The episode opens by contrasting the popular narrative of de-dollarization with the reality that the U.S. dollar remains the world’s dominant reserve currency. Brent Johnson explains that the dollar’s "global seniorage" – the privilege of printing money that other nations must accept – creates both envy and resentment. Yet the Eurodollar network, the offshore market for dollar-denominated assets, is larger than ever, making a swift exit for most economies impractical. This structural dependence underpins why the desire for a post-dollar world often outpaces actual capability.
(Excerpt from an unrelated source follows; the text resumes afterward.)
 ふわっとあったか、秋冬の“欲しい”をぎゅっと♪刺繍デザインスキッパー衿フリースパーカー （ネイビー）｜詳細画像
Johnson revisits his 2021 'dollar milkshake' theory, which linked rising interest rates to a stronger dollar and superior U.S. asset performance. While the predicted sovereign-debt crisis has not materialized, the core mechanism—massive global dollar debt amplifying rate hikes—has played out, keeping the dollar as a "wrecking ball" for other currencies. He argues that central banks act as professional "can-kickers," delaying collapse by injecting liquidity, but the underlying loan-created money system inevitably demands growth; without it, credit contraction and a systemic crisis become mathematically certain.
Finally, Johnson stresses that genuine de-dollarization requires coordinated political will, not merely rhetorical pledges. Even China and Russia’s bilateral swaps cannot replace the efficiency of the private-market Eurodollar system that underlies global trade. He notes that modest productivity gains—such as AI-driven growth—could postpone the inevitable stress, but they cannot overturn the system’s need for perpetual expansion. For investors, the takeaway is to monitor "dollar-centric" asset flows, sovereign debt metrics, and any policy moves that could shift the balance, while recognizing that the dollar’s network effects remain a formidable barrier to rapid change.
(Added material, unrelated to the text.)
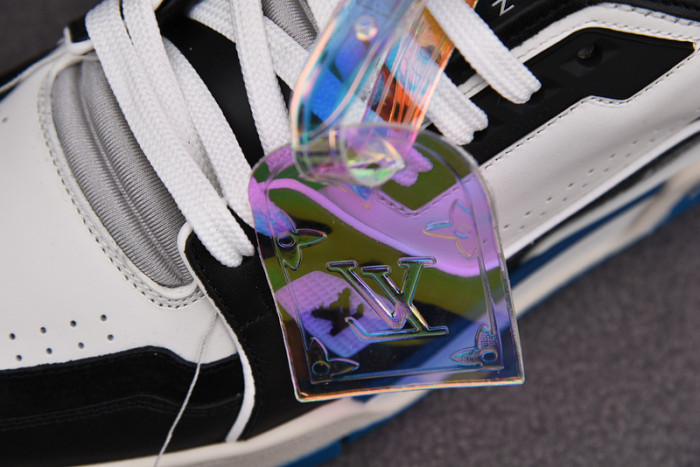 D00G7 Lou1su1tt SNEAKER LOW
Brent Johnson returns to Bankless to update the Dollar Milkshake Theory and explain why the de-dollarization narrative misses the bigger trend. He argues markets may want out of the dollar, but the Eurodollar system keeps pulling demand back in, and “dollar down” headlines do not break the framework. Brent also covers how debt stress can spill into political instability, why stablecoins and the GENIUS Act could accelerate re-dollarization, and what this means for monetary sovereignty. We close with China’s counter-strategy and how Brent thinks about positioning from here.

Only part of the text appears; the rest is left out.